By Marie Ruff
“We’re hearing a lot of information about grid congestion and the limits of our current power infrastructure. These issues are materially affecting industrial site selection and development timelines,” said Dan Kennedy, CEO, NAIOP New Jersey, and moderator of a panel discussion during NAIOP’s I.CON East this week in Jersey City, New Jersey.
“The conversations around energy need to be front and center of all of our minds,” Kennedy said. “Whether it’s industrial development, office or mixed-use, energy supply constraints are already influencing the underwriting and feasibility of these large-scale industrial projects like data centers or EV battery plants in the state of New Jersey.”
Joining Kennedy were Erick Ford, vice president, Stevens & Lee Public Affairs; George Green, vice president, ARCO National Construction; Nate Kirschner, senior project manager, land development, Bohler; and Grace Power, general counsel and executive vice president of government affairs, Solar Landscape.
“I’ve been in the energy and utility space for my entire career, and I’ve never seen such focus on energy issues,” said Power. “Rates are going up everywhere; people are paying attention.”
“[Solar Landscape has] an interesting, unique model where we lease rooftops from people like yourselves; we pay you a lease payment just like any other tenant, and put that electricity right onto the grid,” Power said. There are no NIMBY issues when power comes from solar panels on a warehouse rooftop located close to the recipients of the solar power, she added.
“We’ve seen a shift from ‘We want highway access, cheap dirt and flat pieces of land,’ to ‘We need energy, and we don’t care if the land is flat, but we need that power,’” said Kirschner. “It has impacted how we advise our clients, and it’s also impacted where these facilities are going.”
Land used to be top of mind, agreed Green, with the major focus shifting from finding cheap land with easy access to major interstates to securing water, electricity and sewage.
Kennedy asked the panelists which emerging energy technologies show real promise for powering the next wave of not just industrial growth but our society.
“I would say for industrial specifically, solar has a lot of promise,” Kirschner said, “However, it doesn’t appear that solar has caught up with the demands that a data center will actually need to run a facility yet.” He mentioned talk about SMRs – small modular nuclear reactors – but said he understands them to be 7-10 years out. And after hearing opposition to diesel trucks and backup alarms during planning boards and commissions, it would be a hard sell to explain having a nuclear reactor located behind a neighborhood.
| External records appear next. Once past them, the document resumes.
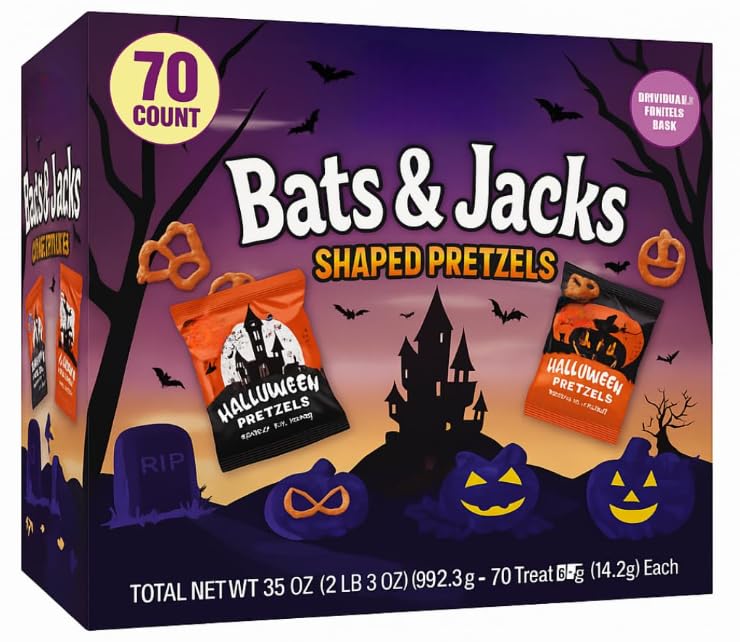 Halloween Pretzels Bats & Jacks Shapes, 70 Count Snack Bags (35 oz) | Individually Wrapped Party Treats for Trick-or-Treating, School Events, Lunchboxes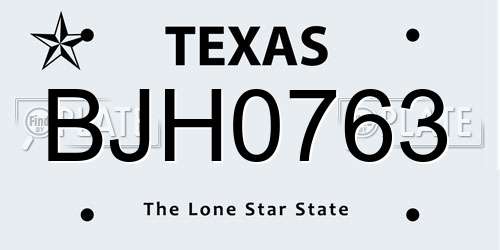 BJH0763 Texas License Plate
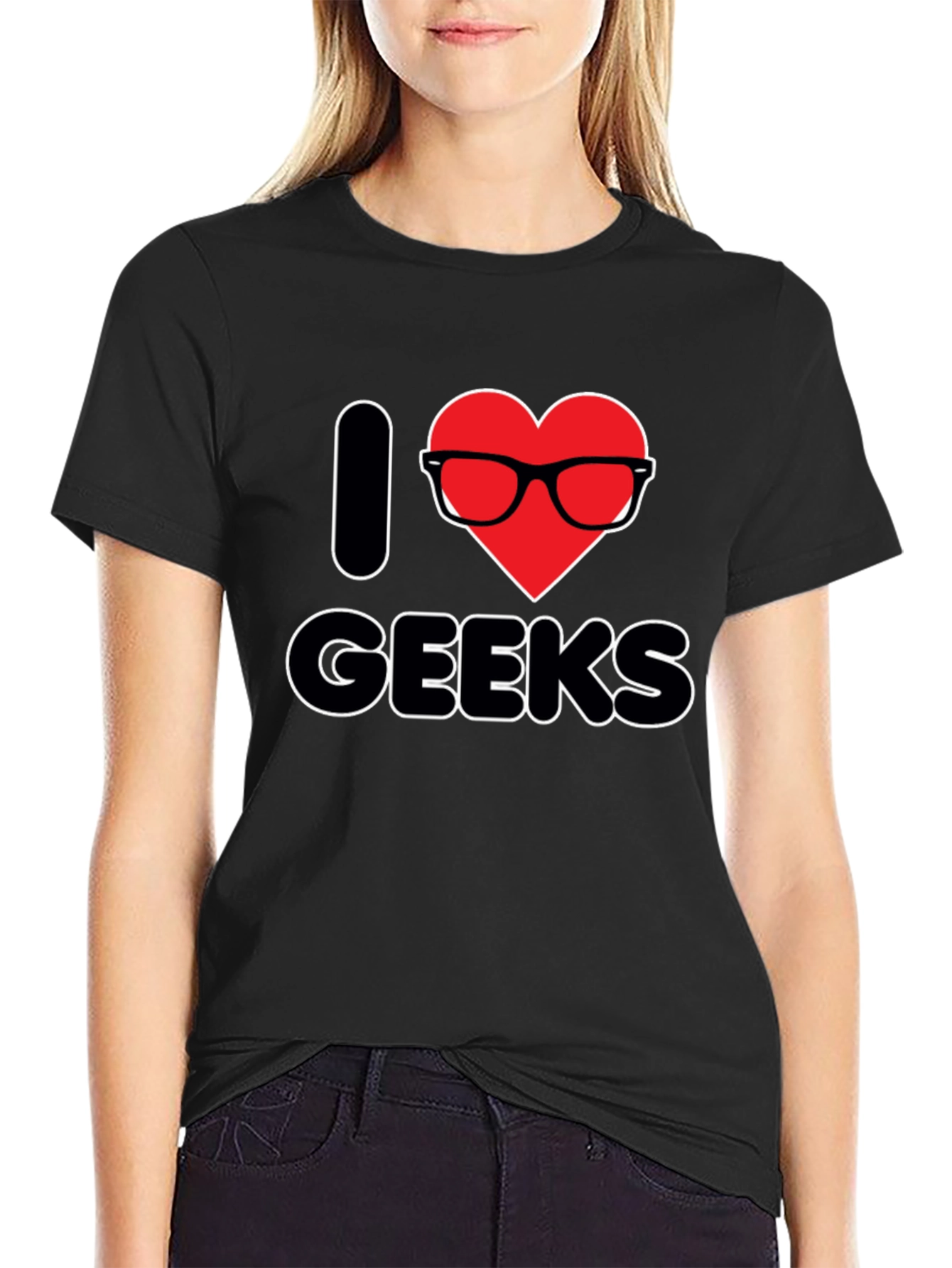 I Heart Geeks T-Shirt - Black Graphic Tee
“I think it’s the regulatory piece for these other [energy] sources that really needs to catch up or get ahead of the technology,” Kirschner added.
“I think we absolutely need an all-of-the-above energy approach right now. We just do not have enough generation,” Power said. “This is not just an issue for new buildings – this is an issue for literally everyone who is plugged in, which is every one of us in our personal and professional lives.”
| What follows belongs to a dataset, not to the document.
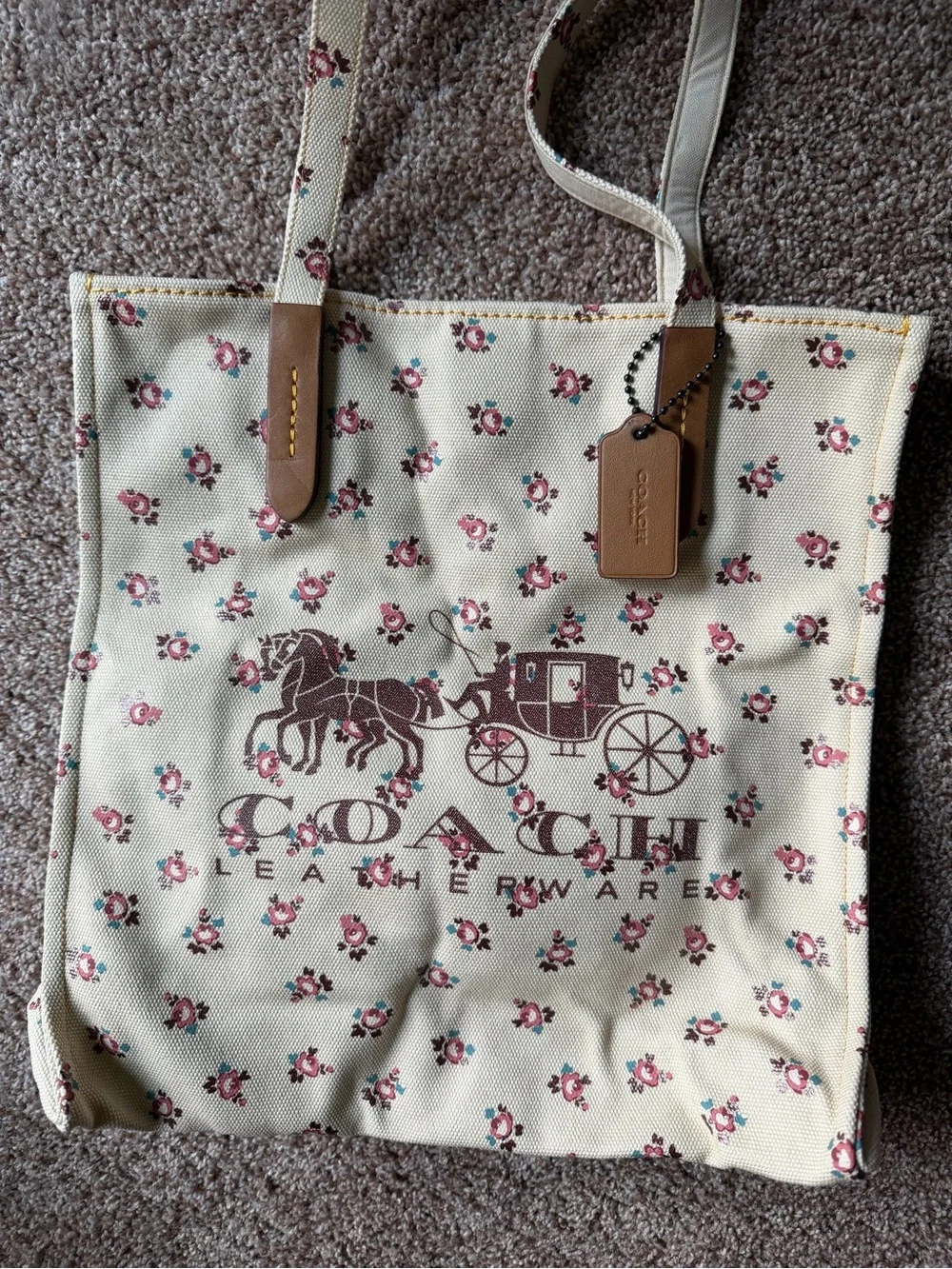 Coach Cream Canvas Tote with Pink Floral Print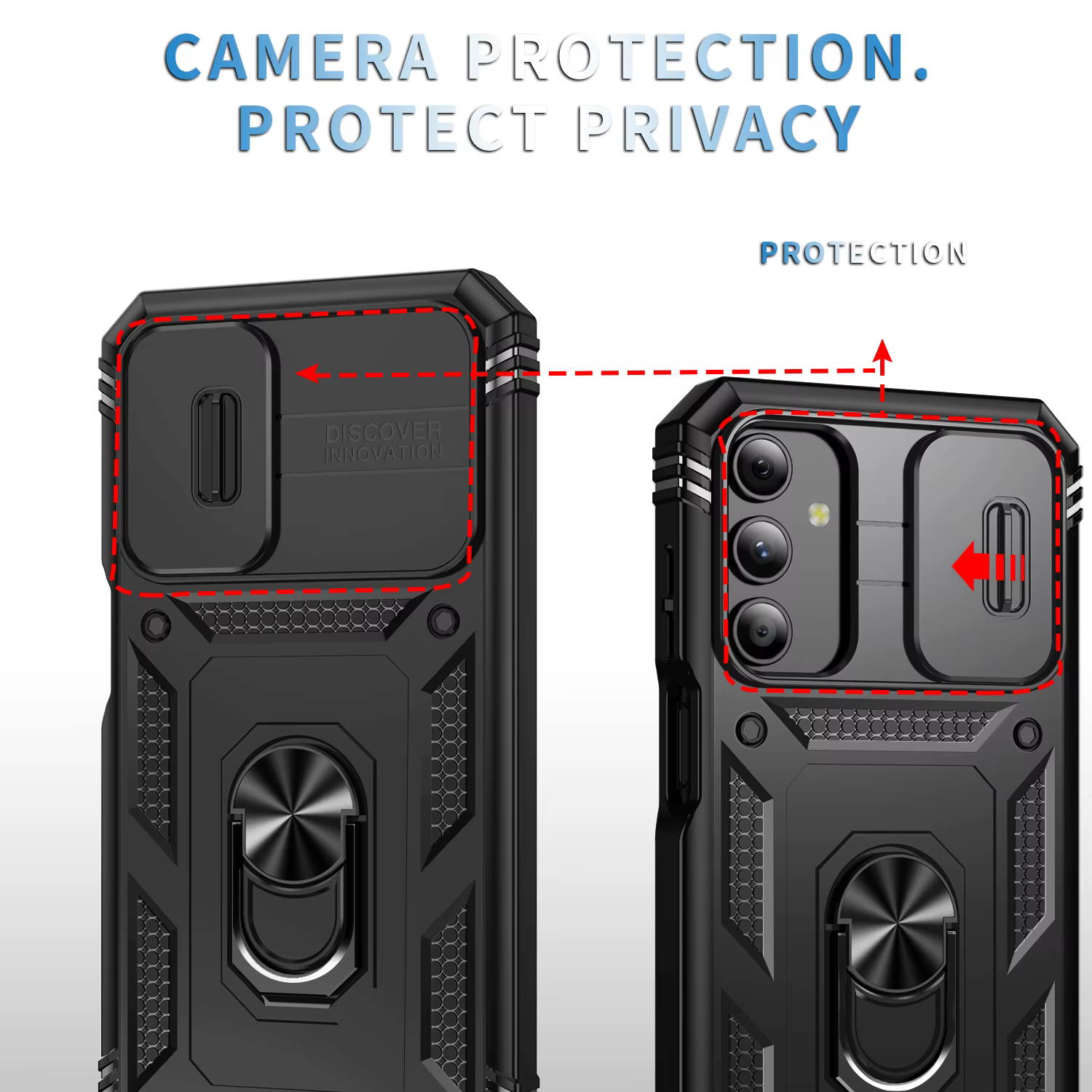 Coque pour Galaxy A16 A17 A15 A14 A56 A36 A26 A06 A35 A55 A25 A35 A54 A53, Protection d'armure coulissante de caméra, couvercle rotatif à 360 degrés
“Power prices are going up because generation is in demand, and [at Solar Landscape] we view ourselves as a piece of that puzzle,” she added.
“We all can agree time is money. Everyone in the room likes these [energy] ideas,” Kennedy said. “But you hear a year, three years, five years, 10 years… it becomes like an academic exercise for a project that’s immediately in need. How do we accelerate this access to energy?”
Talking with utility companies is “kind of like dealing with the government, just a bureaucratic, private entity that, if you’re not able to navigate it, sometimes you get stuck,” Ford said. “You have got to really do the homework of finding out who you need to talk with. Most of these companies span multiple states now, so you’d be surprised how someone in New Jersey or Pennsylvania could then make the call, and before you know it, things are able to move a little bit.”
For solar, the longest development piece is dealing with all of the permitting and the local government, not building the actual system, Power said.
“We aspire to have a more sane regulatory system in the future,” Kennedy said. “That’s where NAIOP New Jersey’s focus is: working to fix the broken systems and make it a little bit easier for you all, and cheaper for you all to bring great projects to market that society needs.”